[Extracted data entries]
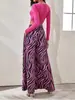 Calça Wide Leg Estampa Zebra Feminina Cintura Alta Fluida Solta Perna Reta Longa 2026 Nova Bolso Lateral Calça Casual Atacado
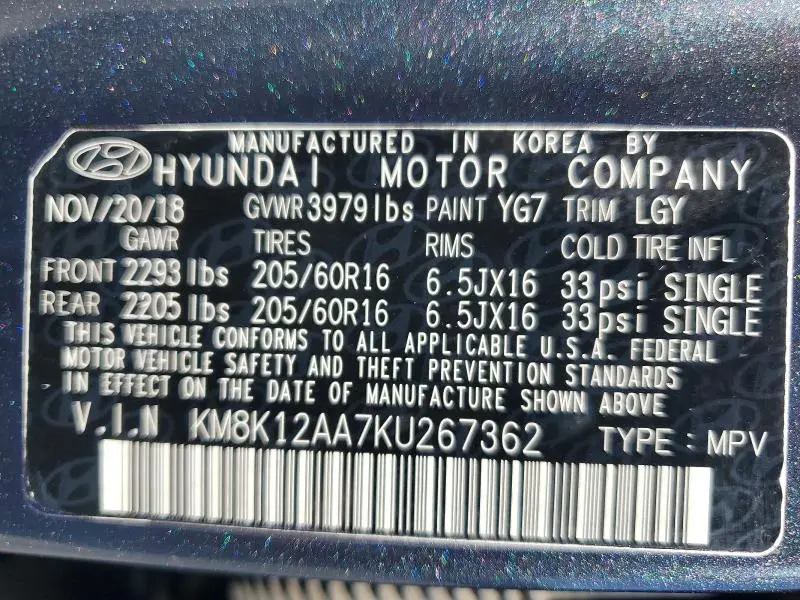 2019 HYUNDAI KONA SE  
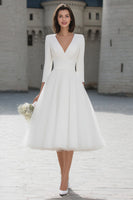 Load image into Gallery viewer, Ivory Tulle V-Neck A Line Midi Wedding Dress with Sleeves
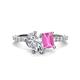 1 - Zahara 9x6 mm Pear Forever Brilliant Moissanite and 7x5 mm Emerald Cut Lab Created Pink Sapphire 2 Stone Duo Ring 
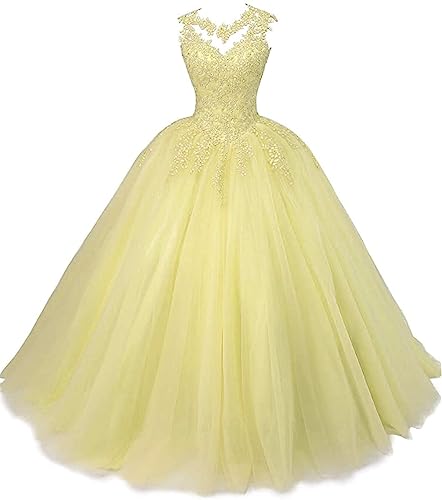Robe de soirée de Quinceanera en tulle jaune 44 aux finitions soignées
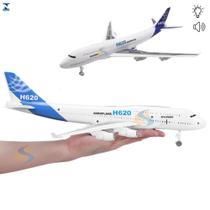 Avião Brinquedo Luz Fricção Som Jumbo H620 Plastico Brinquedo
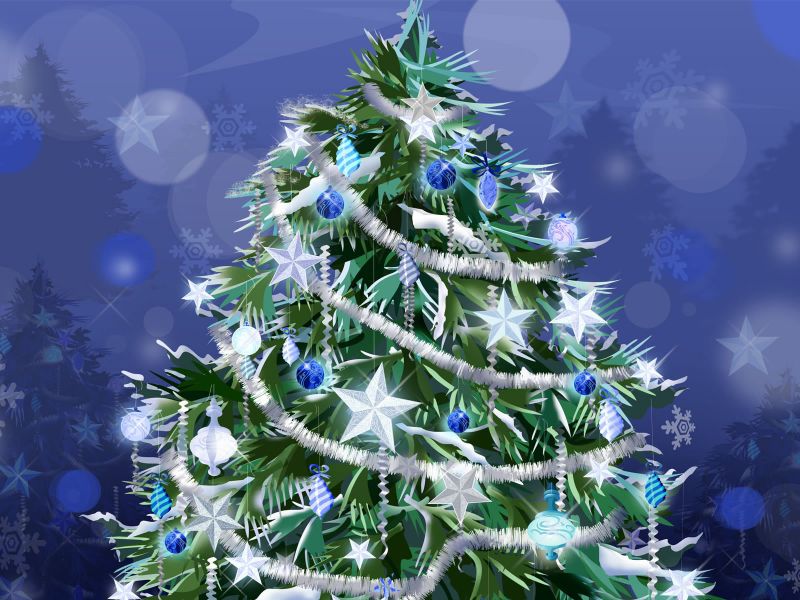 Fondo de pantalla arbol con adornos azules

[Task brief] Write out the records above once more, word for word, with no pictures.

[Response area]
 Calça Wide Leg Estampa Zebra Feminina Cintura Alta Fluida Solta Perna Reta Longa 2026 Nova Bolso Lateral Calça Casual Atacado
 2019 HYUNDAI KONA SE  
 Load image into Gallery viewer, Ivory Tulle V-Neck A Line Midi Wedding Dress with Sleeves
 1 - Zahara 9x6 mm Pear Forever Brilliant Moissanite and 7x5 mm Emerald Cut Lab Created Pink Sapphire 2 Stone Duo Ring 
Robe de soirée de Quinceanera en tulle jaune 44 aux finitions soignées
 Avião Brinquedo Luz Fricção Som Jumbo H620 Plastico Brinquedo
 Fondo de pantalla arbol con adornos azules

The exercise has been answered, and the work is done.